Hayden is the first woman and the first African-American to serve as Librarian of Congress.
Here is some of the background and news coverage relating to her appointment:
The Library of Congress Gets a History-Making New Leader
(The Atlantic, July 13, 2016): "Hayden will be the first Librarian of Congress appointed during the internet age— and the first librarian who seems to understand its power. Hayden is credited with modernizing the Enoch Pratt Free Library, Baltimore’s 22-branch city library system. (She also successfully kept the library open throughout the Freddie Gray protests last year.) As president of the American Library Association in 2003 and 2004, she frequently and publicly criticized Section 215 of the USA Patriot Act, which allowed federal law enforcement to access public-library borrowing records. Hayden has sat on the National Museum and Library Services Board since 2010. She holds a doctorate degree in library sciences from the University of Chicago. Though these may sound like job requirements, Hayden is the first professional librarian to run the Library in more than 60 years."
New librarian of Congress Carla Hayden taking over organization in turmoil
(Baltimore Sun, September 14, 2016): "The Library of Congress is an organization in turmoil. The world's largest and most prestigious library has seen its reputation suffer after a withering report was released in March 2015 by the U.S. Government Accountability Office (...)
The report painted a picture of an institution in danger of losing touch with the public because it hasn't kept pace with modern methods of creating, sharing and preserving information. For instance, a huge backlog of materials moldering in warehouses has yet even to be cataloged — let alone digitized (...) Hayden's supporters say she has the backbone, political savvy and grit to pull off even a turn-around this daunting. This is the woman who assumed the top job at the Pratt in 1993 when the library's reputation was in a decline so steep many feared it wouldn't recover and restored it to a position of national prominence.
There's a reason, they say, that this year Fortune magazine ranked Hayden 25th among the world's 50 greatest leaders."
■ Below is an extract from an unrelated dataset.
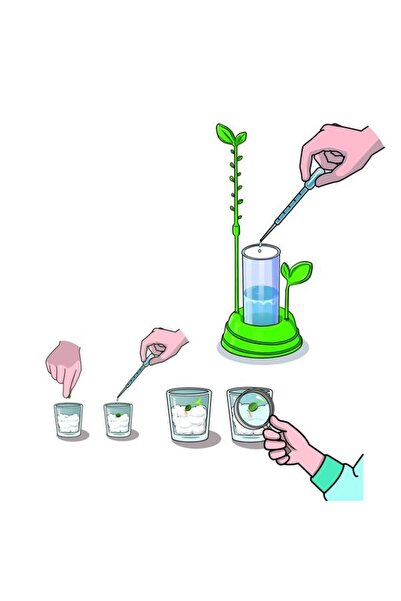 CLEMENTONI Joc Stiinta si joaca - Gradina mea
Carla Hayden breaks new ground as 14th librarian of Congress
(AP, September 14, 2016): "Hayden was sworn in Wednesday by Supreme Court Chief Justice John Roberts, with her hand on Abraham Lincoln's Bible. It's part of the library's collection and was used by Obama at his inauguration. 'As a descendant of people who were denied the right to read, to now have the opportunity to serve and lead the institution that is the national symbol of knowledge, is a historic moment,' Hayden said to applause from a crowd that included numerous members of Congress and actor and literacy advocate LeVar Burton, the longtime host of 'Reading Rainbow'."
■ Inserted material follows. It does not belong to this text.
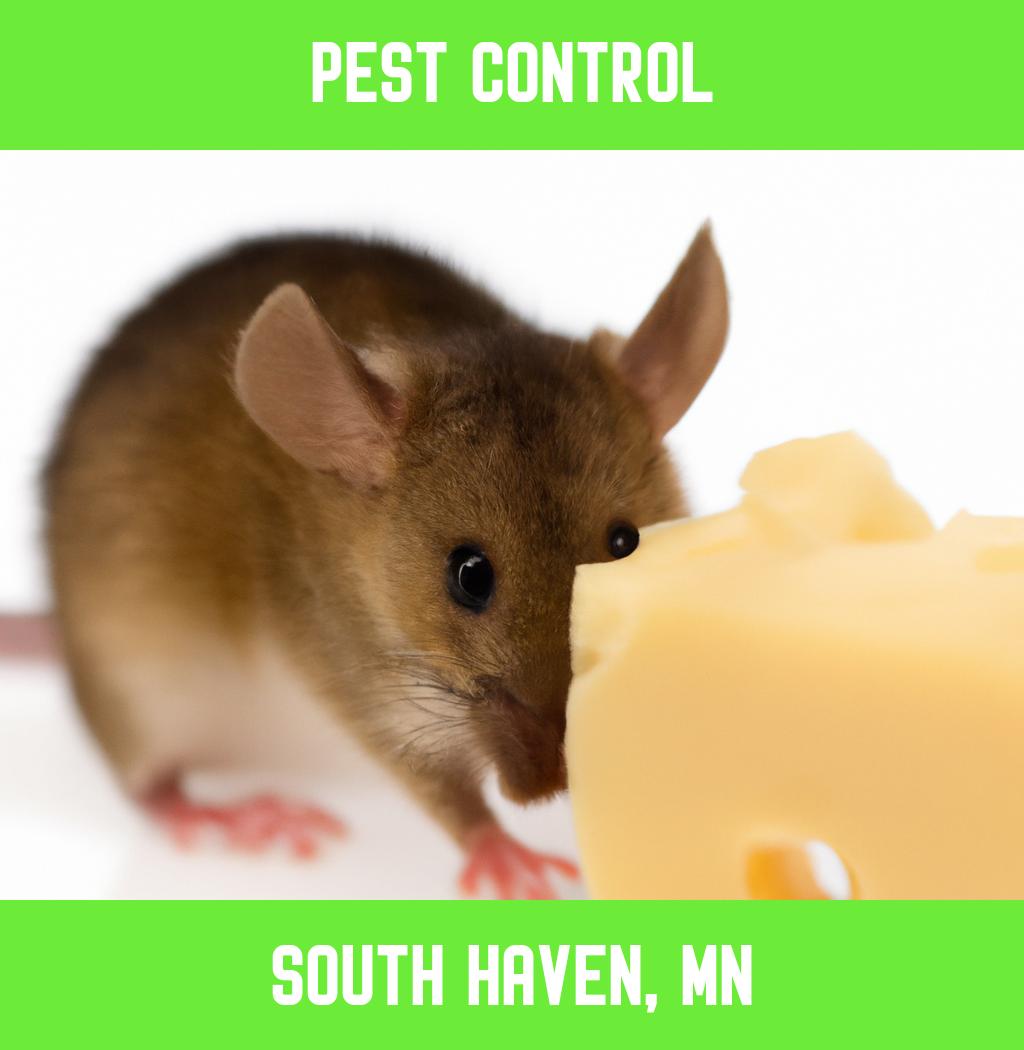 pest control in South Haven Minnesota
‘Rock star’ Baltimore librarian makes history at Library of Congress
(Washington Post, September 14, 2016): "The usually quiet atrium of the Enoch Pratt Free Library came alive with laughter and cheers last month as hundreds gathered to say goodbye to a Baltimore official known to many as “Doc.”
It was an astonishing display of affection for the Pratt’s departing leader, Carla D. Hayden, who is being sworn in Wednesday as the new head of the Library of Congress. Many dismiss urban libraries as outdated and irrelevant, yet Baltimore residents and civic leaders were celebrating the Pratt and Hayden, who captained its resurgence."
‘10 Questions With Librarian of Congress Carla Hayden
(Time Magazine, September 26, 2016 issue): "What’s significant about your new appointment? Being the first female and the first African American means that the legacy of the 14 Librarians of Congress will include diversity–and also a female in a female-dominated profession."